Ferocious Singularity: Oh, I see. So then we take nums here, and then self dot. I'll just call it compressed equals list I comma num for I nums. Num. I think that's all I need. If nothing called I equals, if v two.com, press j is greater than compress I. Um, shoot, all these means zeros. 0100. Okay, so if v two is greater than that, then we just increase this, else j plus equals one. I think that's all there is. So if less than this value, keep incrementing j, and then if it's v two is greater than self.com, press we increment. I, I think that works, at least conceptually. I'd like to test it though. Ah, so we could do v one equals sparse vector this. Oh, we're supposed to hand test it. Right. Okay, let me hand test it then. So this would come down to. So 0151.
Admiral Hex: How would you get that zero, the misrepresentation from your function? Can we just walk through the statement that you've written?
Ferocious Singularity: You're saying, so this is my starting vector.
Admiral Hex: Right. And then what's the list comparison?
Ferocious Singularity: Initialization of this?
Admiral Hex: Yeah. Can you just walk through that?
Ferocious Singularity: Walk through this?
Admiral Hex: Yep.
Ferocious Singularity: Yeah, if, there we go.
Admiral Hex: Yeah, now it would give that, okay. Yeah, I think this works. What's the time and space complexity? I've already mentioned it's n one, n two. All right, now we have some time. I think at this stage it would be a pass for the meta interview, but we have some time. If you want, we can do another follow up. That's up to you. Or we can discuss the feedback.
Ferocious Singularity: What do you think is more valuable? I guess for me, where I feel weak is communication, probably.
Admiral Hex: I think we can do one more follow up. Typically you would not get this since you've already done like two questions in 45 minutes, which is like really good. But let's do a, let's do a follow up. All right. Now the same problem, but now you're dealing with like 2d matrices.

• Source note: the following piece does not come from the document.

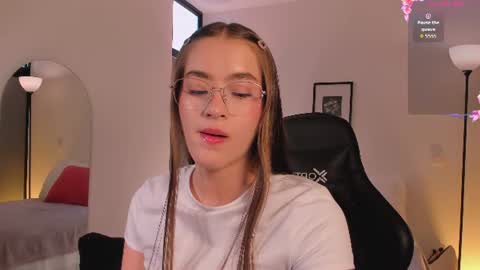 Lizzy Colins online show from June 26, 2026, 6:56 pm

Ferocious Singularity: I see. So I think this was how I was approaching it before. Maybe so we can compress it the same way, but it might not be as straightforward in terms of the dot product now. So let me see if we do, our data structure is now our row column value, although definitely compress it, it becomes how do we multiply efficiently? I mean, I think we could do the same concept. We would first try to match the row if the rows, if we, so if we have v one and has something like one, comma one, comma one two, comma one, and then b two would be zero comma one, comma one. And that looks like we have two comma two, comma three. I think we would first search for mastering rows using similar algorithm above, then search for matching column. Other optimizations we could do if we don't, I don't know how large these matrix is, but if it's really large, we might have to go the first step based on our earlier discussion, if we don't think our collision likelihood is.

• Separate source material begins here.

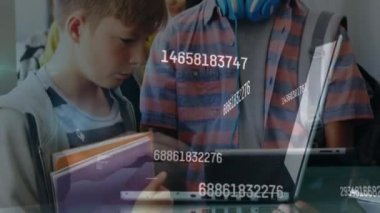 Tablet kullanan öğrenciler üzerinden bağlantı ağının animasyonu. eğitim, bilim, dijital bağlantılar konsepti dijital olarak oluşturulmuş video.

Admiral Hex: Nothing changes in 2d, right. It's the same trade offs and everything, right?
Ferocious Singularity: Yeah. Then in that case then I think it would be, I could do like a row by column kind of based search method. So first.
Admiral Hex: Maybe you should think about like okay, how does matrix multiplication actually work?
Ferocious Singularity: Dot products are different.
Admiral Hex: Right? Maybe you can just example matrix and just think about like how does the, how does the multiplication actually work?
Ferocious Singularity: Yeah. Okay, so maybe I'll use a dot trim. So we have like a 0123 and then product, it's a row by column. So that means first we have to check if our rows match the column. So it would be a multiplying with this one, it would be like a two by three matrix. So it would be like, so something like that. And then you perform vector multiplication between this row and this column, right. So we can factor multiplication, we can reuse this dot products concept, right. As long as we store it properly.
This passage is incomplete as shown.